I am devising a kernel that requires vector rotation. More specifically, I am looking for an efficient way to do the following (simplified senario):

Each thread has the same copy of a vector:

v0, v1, v2, …, v63

A rotation rotates these registers within the thread:

v63, v0, v1, …, v62

Let’s say variables a0 to a63 hold v0 to v63. Then

a0 = v0, a1 = v1, …, a63 = v63

becomes

a0 = v63, a1 = v0, …, a63 = v62.

So the algorithm works as follows:

(Each thread has the same vector but different data)

- Read in v0 to v63 as a0 to a63.
- Do some calculation with existing data.
- Rotate a, then return to step 2.

There will be 63 rotations, because the 64th rotation is just the original vector. I don’t think unrolling the loop for 64 times is a good choice. The main calculation is non-trivial and the resulting code would be too long.

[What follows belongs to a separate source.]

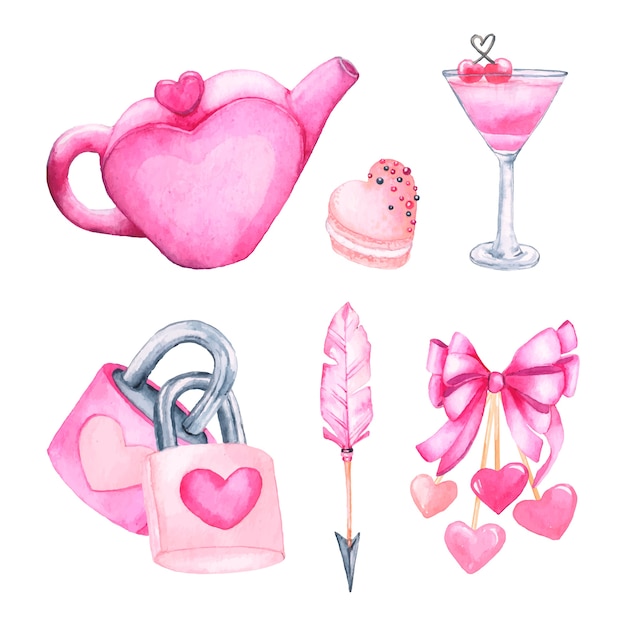 Watercolor valentine's day element collection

This pseudocode shows how I currently get this done, through shared memory:

```
// suppose blockDim = 64
__shared__ float v[64];
// coalesced read from global memory
v[tid] = vec[tid];
__syncthreads();
float a[64];
for rot = 0 to 63:
// broadcast from shared memory
for i = 0 to 63:
a[i] = v[i];
// do some really complicated operations with data and a
// here += is only for demostration
for i = 0 to 63:
data[i] += a[i];
__syncthreads();
// each block reads in v with an offset, no bank conflict
int index = (tid + 63) % 64;
float x = v[index];
__syncthreads();
// then writes back
v[tid] = x;
__syncthreads();
```

Question: Is it possible to rotate more efficiently?

–

Actually, to reduce register pressure, a vector can even be split to 2 or even more threads.

For example, two neighboring threads have the same copy of a vector (v0…v63):

thread 0: v0 v1 v2 … v31

thread 1: v32 v33 … v63

thread 2: v0 v1 v2 … v31

thread 3: v32 v33 … v63

Rotate registers among two threads:

thread 0: v63 v0 … v30

thread 1: v31 v32 … v62

thread 2: v63 v0 … v30

thread 3: v31 v32 … v62

And in my application, the vector dimension is around 128, and the rotation is a varied one. I use Maxwell cards.